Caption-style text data
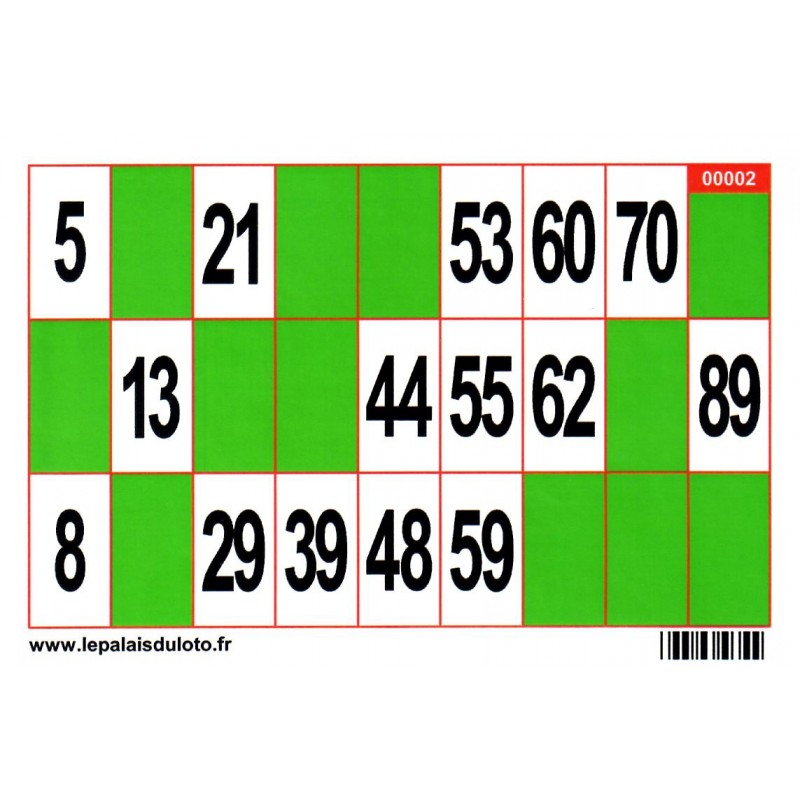 100 très grands cartons de loto Bristol avec cases en couleur 250 g, spécial seniors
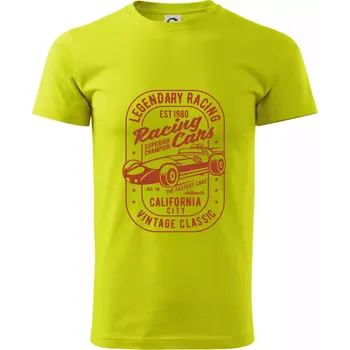 Legendary Racing Cars - Klasické pánské triko vyšší gramáže - 4XL ( Limetková )
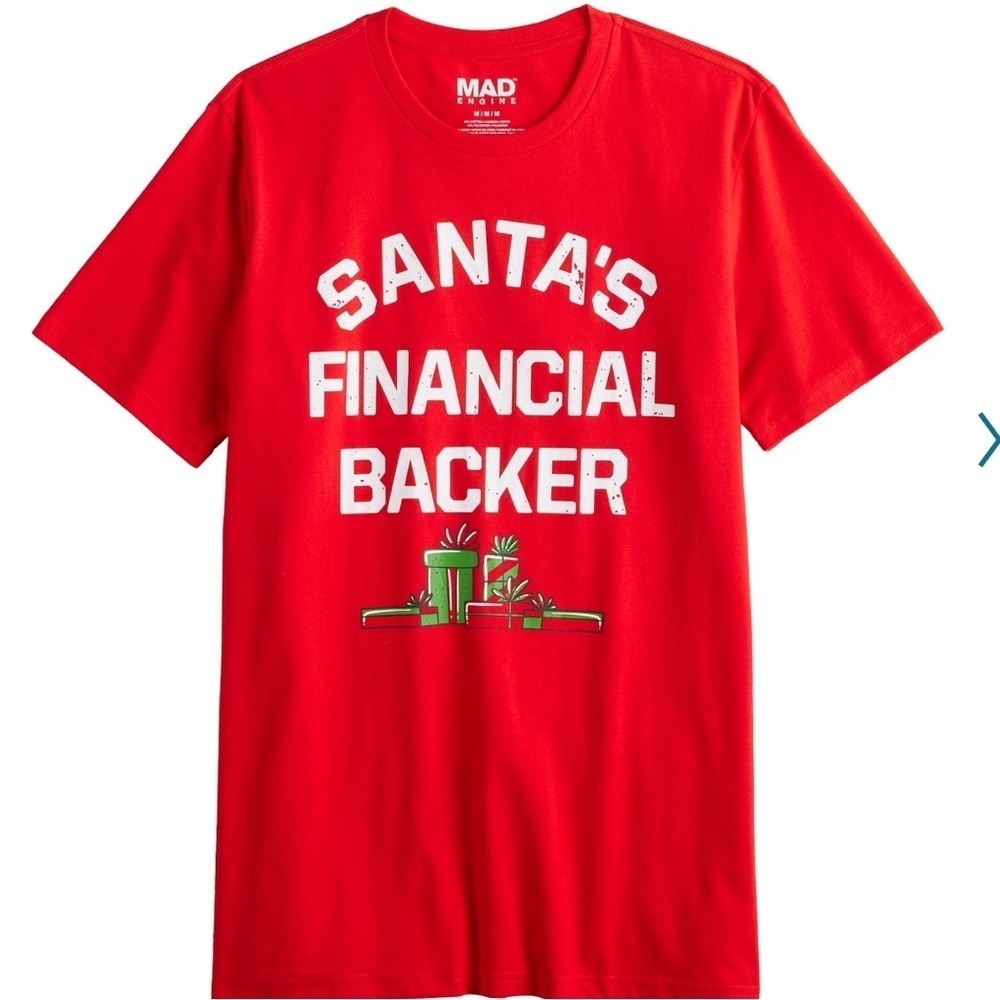 Mad Engine “Santa’s Financial Backer” Graphic Tee NWT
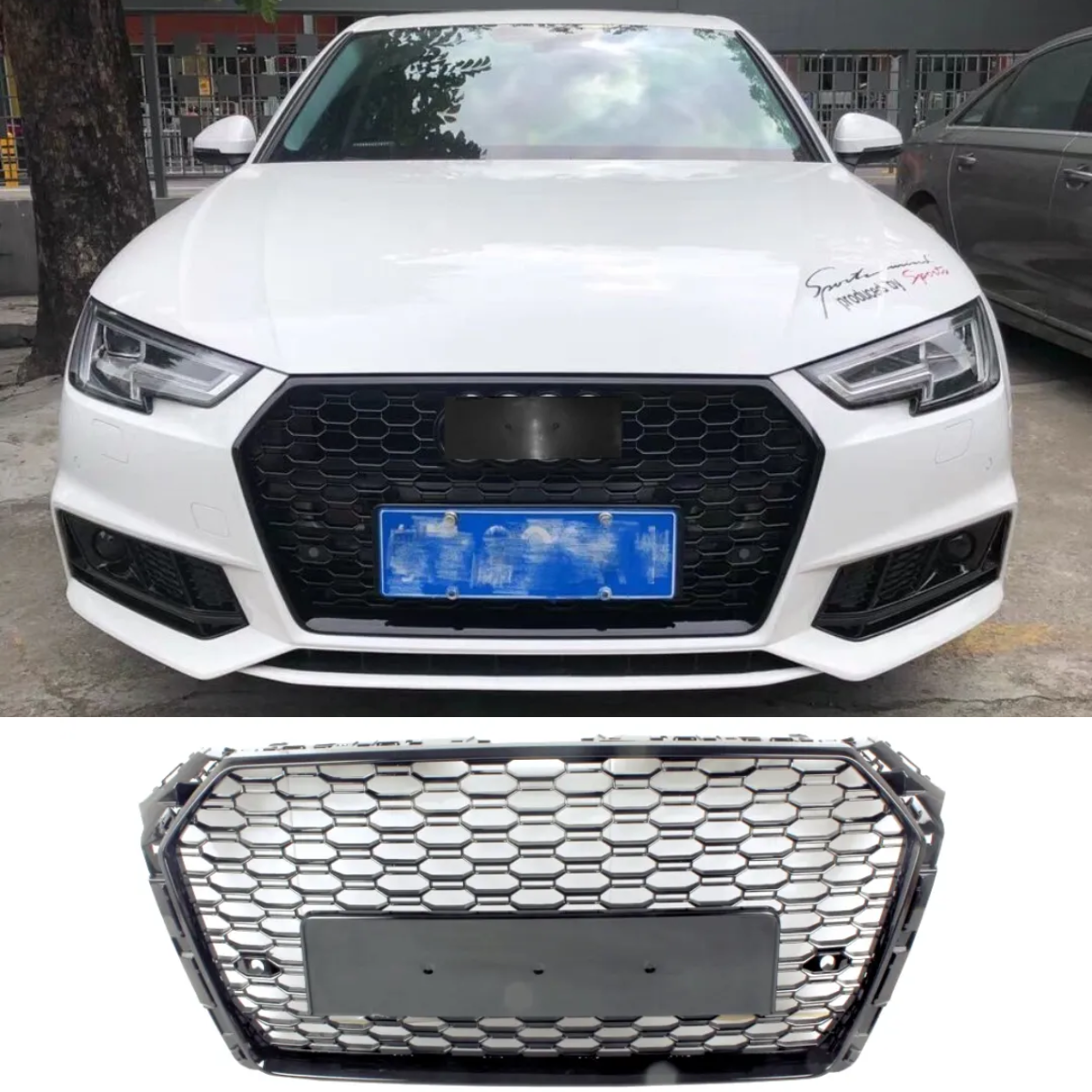 Audi A4 B9 Avant (2015-2019) RS4-Style Front Grille - Honeycomb Design, Gloss Black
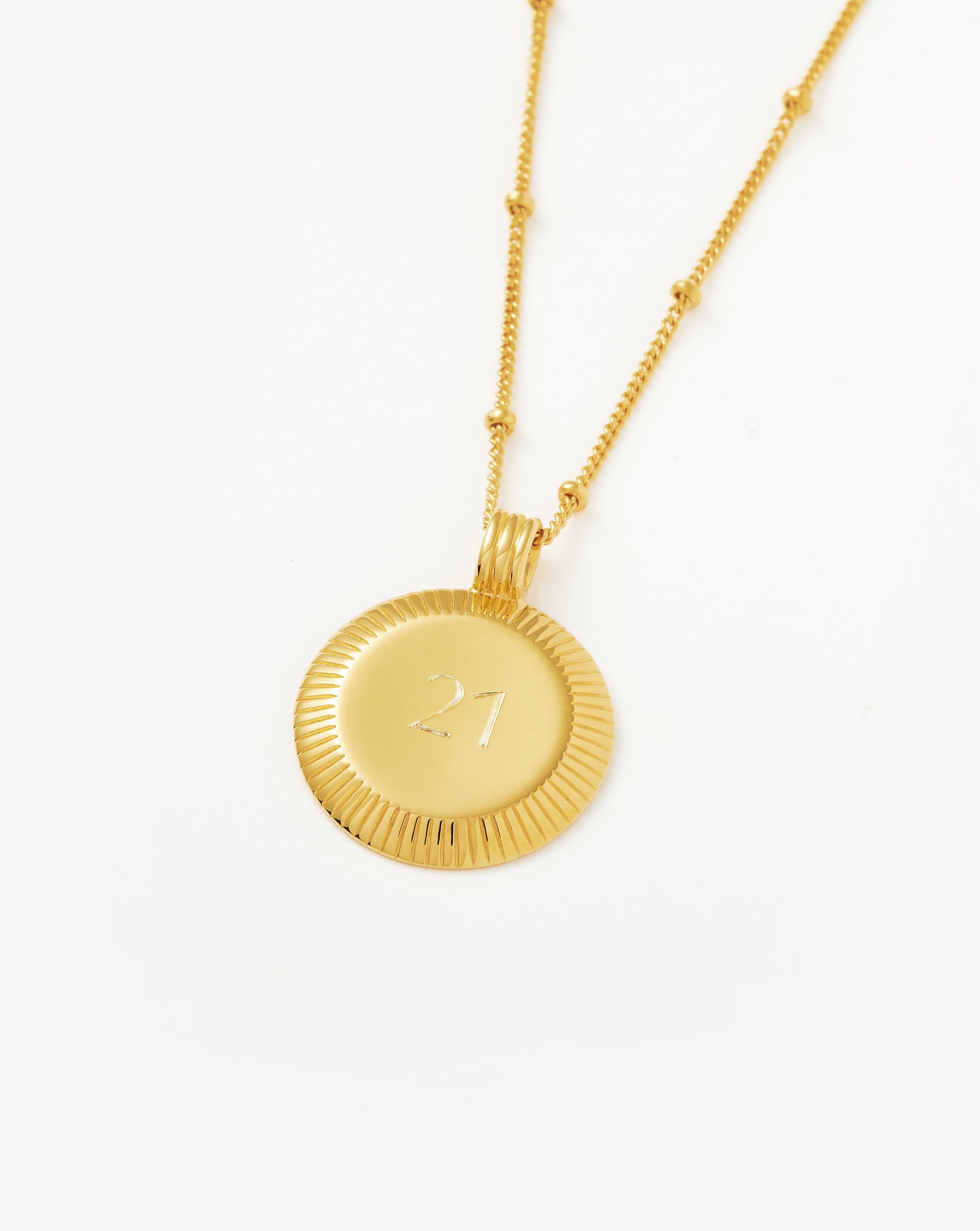 Engravable Round Ridge Pendant Necklace | 18ct Gold Plated Vermeil Necklaces Missoma 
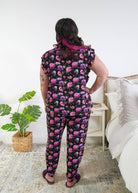 Georgia Rylan women's bamboo flutter sleeve top and soft jogger pajama pants set in Dreamy Blooms black floral print - Cloud Nine Pajamas back view on plus size model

### Problem details
Retyped exactly, the lines from the one holding "Audi A4 B9 Avant" through the last line of the data above are the whole answer. Pictures stay out.

### Response to the task
 Audi A4 B9 Avant (2015-2019) RS4-Style Front Grille - Honeycomb Design, Gloss Black
 Engravable Round Ridge Pendant Necklace | 18ct Gold Plated Vermeil Necklaces Missoma 
 Georgia Rylan women's bamboo flutter sleeve top and soft jogger pajama pants set in Dreamy Blooms black floral print - Cloud Nine Pajamas back view on plus size model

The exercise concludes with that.